I've come on over from one of the other threads discussing dealing with spam and general trust issues, and being familiar with the original PageRank and other search engine gubbins, I'll say up front that this is an impressive application of those systems and I believe it very well would produce a useful tool.
I would love to see the results of running it on the current Steemit population as a practical test on a snapshot to see if we can actually visually determine where the bots are. It's important to actually have an understanding on real-world data, which I'm sure that you know. Since all that information is publicly available on the blockchain and a static study would be sufficient proof of concept, I think this is something you should definitely pursue.
However – and compared to the actual usefulness of this tool, this objection is going to be weird and minor. I accept that. However, it doesn't take into account individual interest or provide an individuated view of the rest of the population. In theory, it would be possible to build a bot swarm that actually did actively upvote content that you like. (We don't see it happening now because there's no benefit to actually providing things that people will like compared to gaming the system, but it's a theoretical possibility.) Because your method describes a top-down authoritarian imposition of rank, that eliminates the possibility of beneficial bot swarms.
I also wonder if it's not vulnerable to the same failure mode of the original PageRank, where the assumption is that the more tightly connected a set of pages are to one another as long as they were connected to the main continent of connections, as it were,, the better they're assumed to be. This meant that isolated islands of content which weren't linked to above the threshold of notice of PageRank were considered not valuable, independent of actual content. Applying that to groups of user-agents concerns me that isolated groups of friends who have little interaction with the main body of Steemit because their interests don't overlap with what is commonly thought of as "good content" will be seen as undependable and lower ranked, even though for people who might want to be a member of that group, their interests would coincide but they will never discover them.

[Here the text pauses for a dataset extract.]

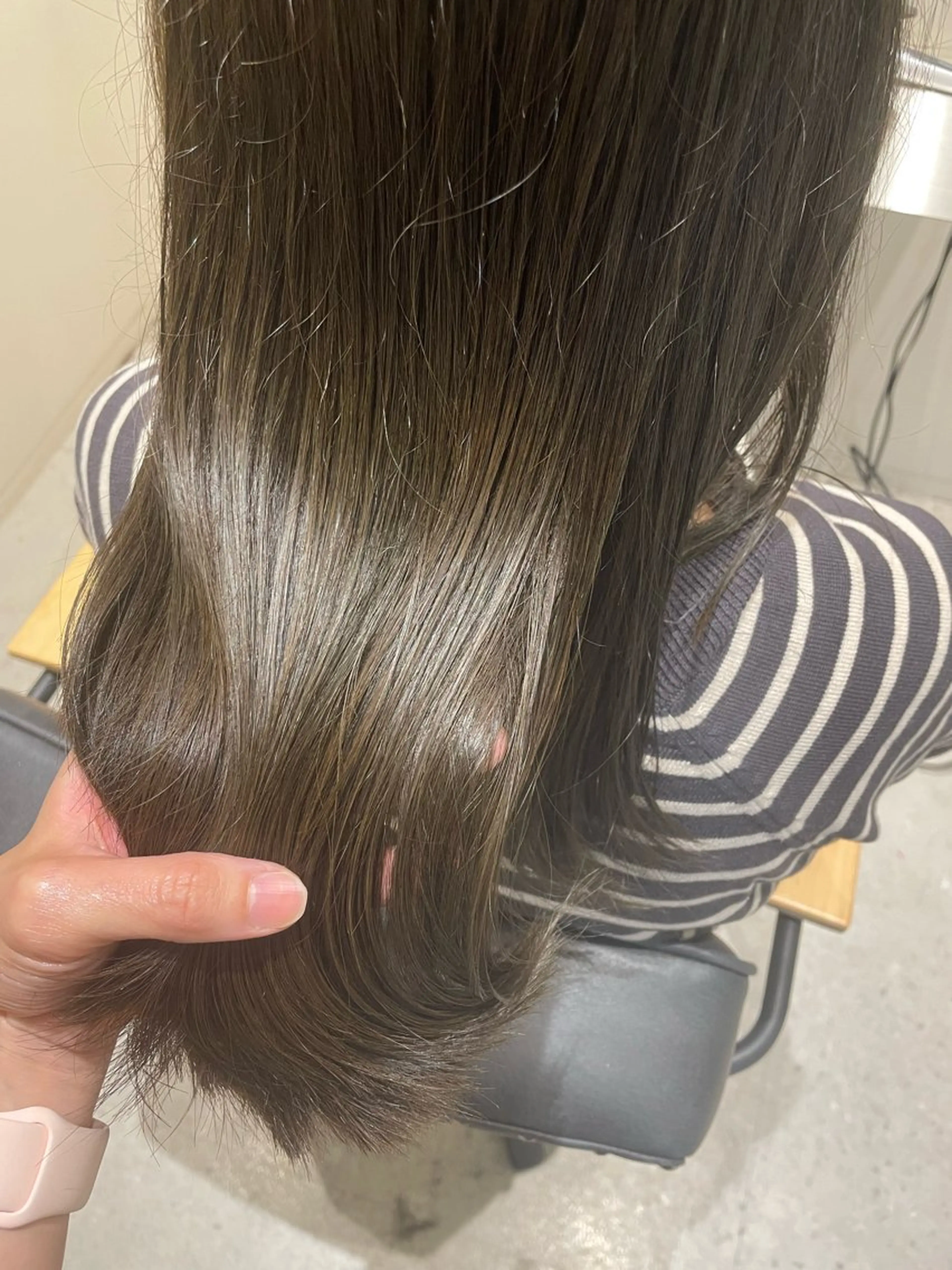 ミディアム カラー グレージュ オリーブグレージュ オリーブグレー カット ヘアカラー トリートメント 透明感カラー💐 スズキ　カホのヘアスタイル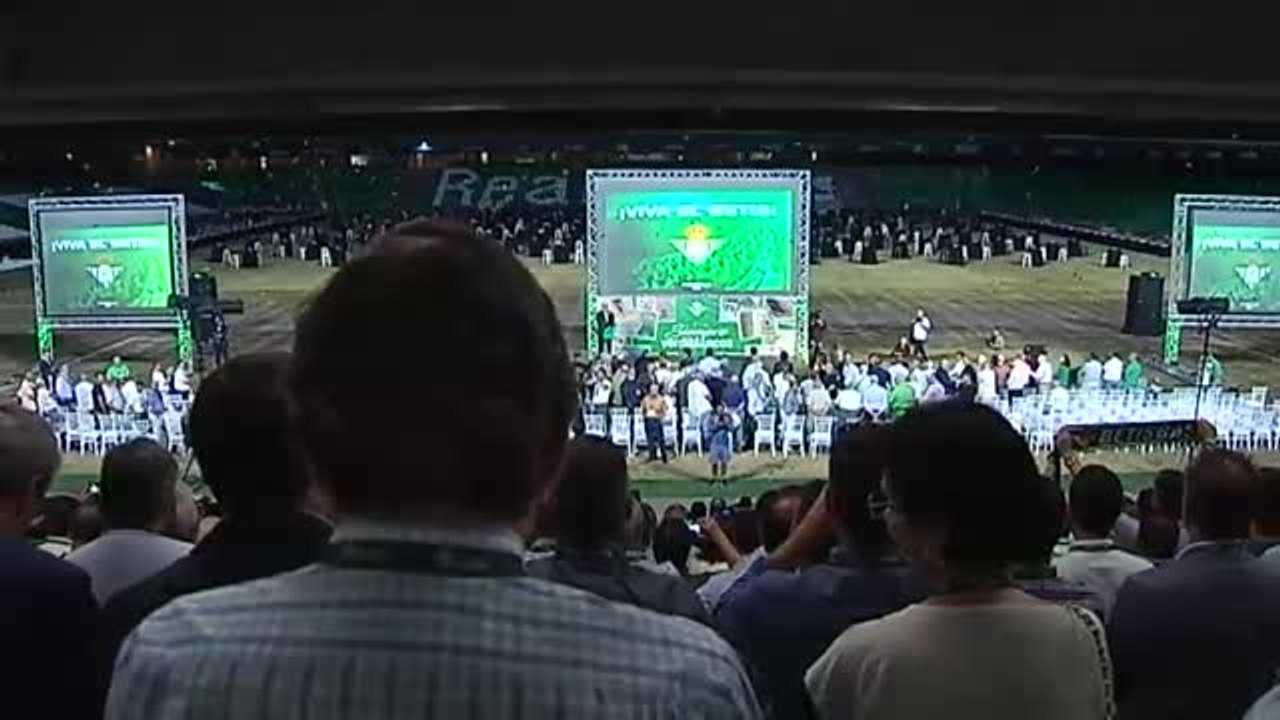 El Betis rinde homenaje a sus socios más antiguos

Other than that, brilliant idea. Let's see what it looks like and then we'll go from there.
Hi, thx for your in-depth comment!
You said:
That's -- optimistic, sort of hand-waving one of the biggest deals in AI and social networking of the decade to a SMoP (Simple Matter of Programming), but we'll let that stand for now. I'm not sure UA really is that isolated from discovery; after all, the idea is to really keep discovery from happening on user-agents who are of likely bot-nature. What they do is immaterial compared to what people see.

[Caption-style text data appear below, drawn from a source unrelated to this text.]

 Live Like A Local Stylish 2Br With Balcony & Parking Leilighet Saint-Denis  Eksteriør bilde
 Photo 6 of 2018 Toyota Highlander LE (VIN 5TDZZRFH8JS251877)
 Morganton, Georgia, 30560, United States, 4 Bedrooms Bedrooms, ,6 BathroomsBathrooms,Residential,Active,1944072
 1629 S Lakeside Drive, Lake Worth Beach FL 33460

You might be surprised. Thanks to the fact that neophile adoption tends to radiate out from a few trend setters, while often you have people brought in by already-established folk, when the system is obscure you get folks who find it through more organic non-personal search, jump in, and invite friends. They tend to island for quite a while, comparatively. It's not a problem because they'll just as often use New or Trending or whatever the equivalent is to find new content -- but if the activity in the main body is sufficiently monocultural or low quality, they just don't hook up with any real adoption rate.

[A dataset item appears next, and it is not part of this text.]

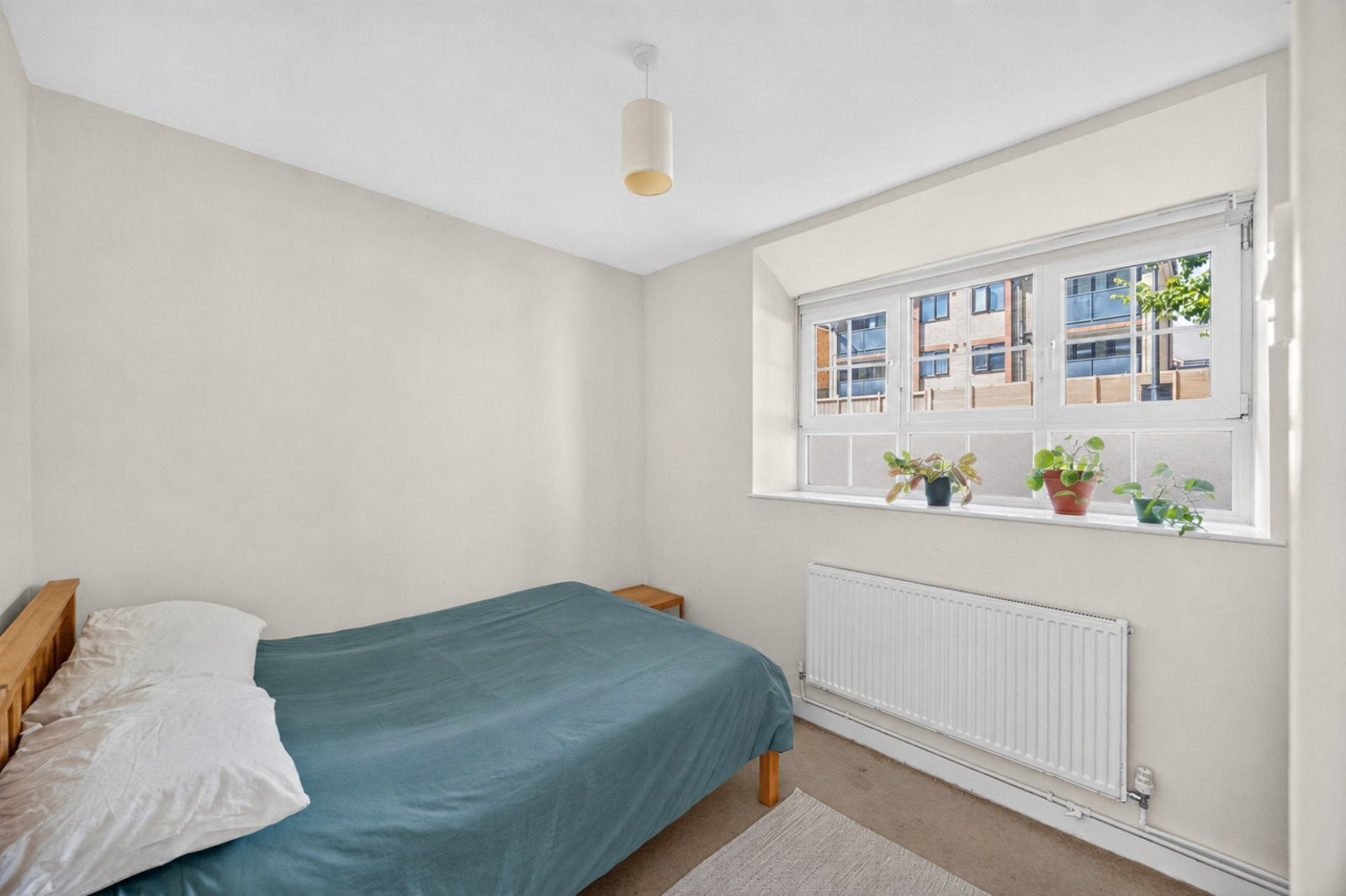 Flat Reardon Street in Greater London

But is that useful connectivity information? Is that new account a bot or a person? We don't know and, in fact, we can't know until some more activity happens. A static snapshot can't determine the rank of a new agent. It's an open question how much activity it takes to tell them apart.
That sounds more like an undesirable failure-mode to me rather than a desirable property. They should have voting power. At least one other person cares a lot! Those are important votes. To them.
OK, let me rephrase it differently: My article isn't a PhD thesis but a blog post I wrote in about an hour and updated afterwards. I'm sure there are many applications to UA that weren't covered iny my article. I meant to say just now, UA in my article was not intended per se for content discovery. I'm sure there are many more applications for it, and among them content discovery.
I might, we have to first implement a test environment and analyze the resulting data. This was just a first post.
Correct, that's why I included D, the damping factor, which holds a beginner amount of UA.
Failure-mode? I was merely referring to the monetary upvote value a new user has currently: $0.00
The rest I'm on board with but ...
This is absolutely true. I also think of it as a failure mode which really puts off newcomers to the platform who aren't bootstrapped by knowing people. It's hard to get in, hard to find traction, and hard to get rolling and stay rolling.
I'd very much like to see what the current connectivity map of all the users on Steemit looks like, though. Even if UA is not, ultimately, particularly a good method of determining whether a user agent is a bot or not (and there may be factors that neither one of us or is aware of that makes that a harder or easier task than expected), as a form of simple understanding of the community as its architected, the value is definitely high.
Your "connectivity map" === my "follower graph". In my example, I began with the example-graph to visually explain. However, in a real-world application (Steem itself), the follower graph is derived from the follower matrix in stead of the other way around.
PS: I've just published a follow-up article! You might like it!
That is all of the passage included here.